Instructions to follow:
After locating the line with "Bagno di intero" in the data that follows, return it and every later line exactly, up to and including the line with "Toyota Yaris Belta 2010 Automatic – photo 3".

Supplied information:
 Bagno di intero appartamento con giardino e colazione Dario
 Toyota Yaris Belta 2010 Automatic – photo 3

--

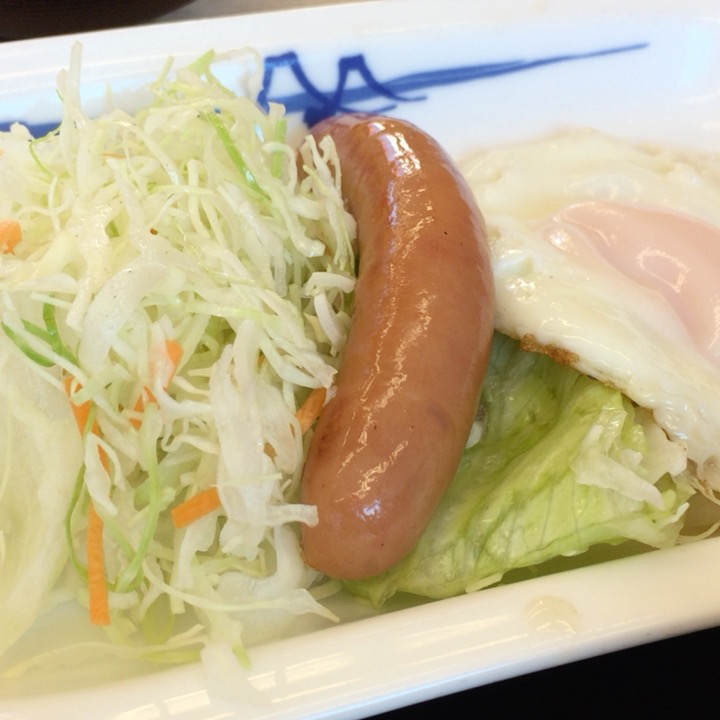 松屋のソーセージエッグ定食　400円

Exercise output:
 Bagno di intero appartamento con giardino e colazione Dario
 Toyota Yaris Belta 2010 Automatic – photo 3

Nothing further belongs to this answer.